The company which is responsible for their own financial records can get in trouble. And he could get in trouble if he destroyed them at their office. But if they dumped them at his house without a contract then he is free to dispose of them from his property.
No. He's responsible for caring for those, not me. If I dump my tax records on your front lawn, that's on me -- you can just leave them there in the rain or wait for the city to pick them up. If there was some form of contract in place I would be more careful, of course.
(FYI my current home is 18 square meters. There is no front lawn. Storing them would be impossible even if I wanted to)
Now, if I was trying to destroy financial records, I could think of worse ways than for them to "accidentally" be shipped to an employee and "lost." Even better if the employee actually destroys them for me.
It kind of sounds like the sort of antics a company about to go under and unable to pay debtors/taxes might do...
Doesn't work that way here. The tax department already has a copy of all these records. The company just lost their copy. So now that tax department can claim anything they want :)
Also I was not an employee. If I was, then I might have some obligation to do something. However these were former clients who simply didn't pay their bills (so... not even clients). So no contractual agreement existed between them and me -- for a contract to be valid, it has to include due consideration (e.g. a payment received in return for some service). Since I was never paid, no valid contract existed.
At this one office I worked at, none of their ergonomic equipment was asset-tagged for some reason, and everybody knew about it.
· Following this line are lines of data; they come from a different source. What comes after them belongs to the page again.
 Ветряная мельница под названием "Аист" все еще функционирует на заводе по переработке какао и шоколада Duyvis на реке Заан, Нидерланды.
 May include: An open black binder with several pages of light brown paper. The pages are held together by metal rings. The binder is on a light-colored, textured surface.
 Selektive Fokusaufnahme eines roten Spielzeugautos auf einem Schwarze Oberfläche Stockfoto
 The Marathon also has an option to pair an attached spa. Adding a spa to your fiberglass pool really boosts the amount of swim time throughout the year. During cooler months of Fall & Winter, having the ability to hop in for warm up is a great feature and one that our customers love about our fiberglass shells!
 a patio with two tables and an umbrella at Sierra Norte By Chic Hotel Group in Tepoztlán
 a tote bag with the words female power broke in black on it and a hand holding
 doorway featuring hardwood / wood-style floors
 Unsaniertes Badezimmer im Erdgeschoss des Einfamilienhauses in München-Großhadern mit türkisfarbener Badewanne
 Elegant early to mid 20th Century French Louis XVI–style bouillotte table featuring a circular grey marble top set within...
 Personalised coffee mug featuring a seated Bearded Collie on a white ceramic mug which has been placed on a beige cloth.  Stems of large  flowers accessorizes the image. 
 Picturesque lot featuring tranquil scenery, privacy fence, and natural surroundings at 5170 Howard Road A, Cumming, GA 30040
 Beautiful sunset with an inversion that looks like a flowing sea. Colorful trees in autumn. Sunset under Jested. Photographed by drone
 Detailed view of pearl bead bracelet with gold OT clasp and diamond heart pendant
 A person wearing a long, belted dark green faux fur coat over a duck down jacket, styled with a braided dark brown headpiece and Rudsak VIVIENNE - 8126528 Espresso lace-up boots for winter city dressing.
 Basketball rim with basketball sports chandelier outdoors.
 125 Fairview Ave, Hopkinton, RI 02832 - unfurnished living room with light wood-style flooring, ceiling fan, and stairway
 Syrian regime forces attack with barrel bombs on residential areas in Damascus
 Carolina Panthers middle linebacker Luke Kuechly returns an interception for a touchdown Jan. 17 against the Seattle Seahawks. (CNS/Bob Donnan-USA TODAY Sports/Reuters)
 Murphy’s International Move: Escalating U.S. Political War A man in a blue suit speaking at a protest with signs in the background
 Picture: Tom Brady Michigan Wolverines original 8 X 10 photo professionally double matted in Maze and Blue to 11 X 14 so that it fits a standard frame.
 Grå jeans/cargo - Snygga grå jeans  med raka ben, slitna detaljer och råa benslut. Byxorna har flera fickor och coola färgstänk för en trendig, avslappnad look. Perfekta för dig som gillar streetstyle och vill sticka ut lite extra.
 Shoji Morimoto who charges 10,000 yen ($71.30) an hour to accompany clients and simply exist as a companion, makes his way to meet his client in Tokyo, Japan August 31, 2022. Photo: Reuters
So whenever somebody with a lot of ergo gear got fired or quit, it was a race to raid their desk and plunder their equipment. Management never looked into it because nothing was tagged, so they never qualified what equipment was given out in order to claim as missing in the first place.
I got a decent keyboard and trackball mouse out of it. I know a few people that managed to sneak out some of the $800+ chairs, but that always felt too risky to me.
At another place I worked at, they were upgrading all their computers at every desk. I asked the dude swapping then out what they do with the old machines. He told me they were literally being taken out back to a pile to be scrapped/recycled. I asked if I could take one, he said he wasn't allowed to give them to me, but he then reiterated exactly where the pile of old computers was. I took the hint, snuck around the back of the building and grabbed one of the tiny little OptiPlex Minis. Used it as a media center for a little while.
At my previous job, once a year they had a catalog of company merch. Nobody ever got it, because it was kind of over priced. Well, I had a good year and wanted a jacket and a zip up fleece. It was like, $160. My order comes, and I love it. I give the person in charge of said orders a check. Next day, she gives it back, saying they were having an issue cashing it internationally, or something. Because the company is headquartered in Canada. So, a week goes by and I ask if it was sorted out, or should I pay a different way. She said she'd let me know. Then, she quit. I was there another year, and nobody ever hunted me down for my $160. Then I quit. Free jacket and fleece.
I do have a small collection of parts that were manufactured or ordered incorrectly. They're useless, and too small to be of any scrap value. I like them because they are so drastically different from the prints, it's funny. Like, what were they thinking when they made these? I'll probably bring them back ans toss them in the scrap bin before I leave this job.
It was! I have hundreds of dollars in company apparel that my current company just gave us. Polos, fleeces, a Carhartt coat, a Weatherproof jacket, a 50 qt Coleman cooler. We'd get something every Christmas. So, paying for your own company merch seemed weird to me, but I still wanted some. I'm glad it worked out.
Old computer equipment. It wasn't being used for anything, and would have ended up being thrown out if I didn't take it. Stuff was too old to be useful in a business environment now, but I built a small retro gaming rig running Windows 98 out of it.
Way back in '99 I was a student worker for the IT group at uni. We were decommissioning about 350 486 machines. Once the drives were cleared they were taken off the books and we were told to take them to the dumpster.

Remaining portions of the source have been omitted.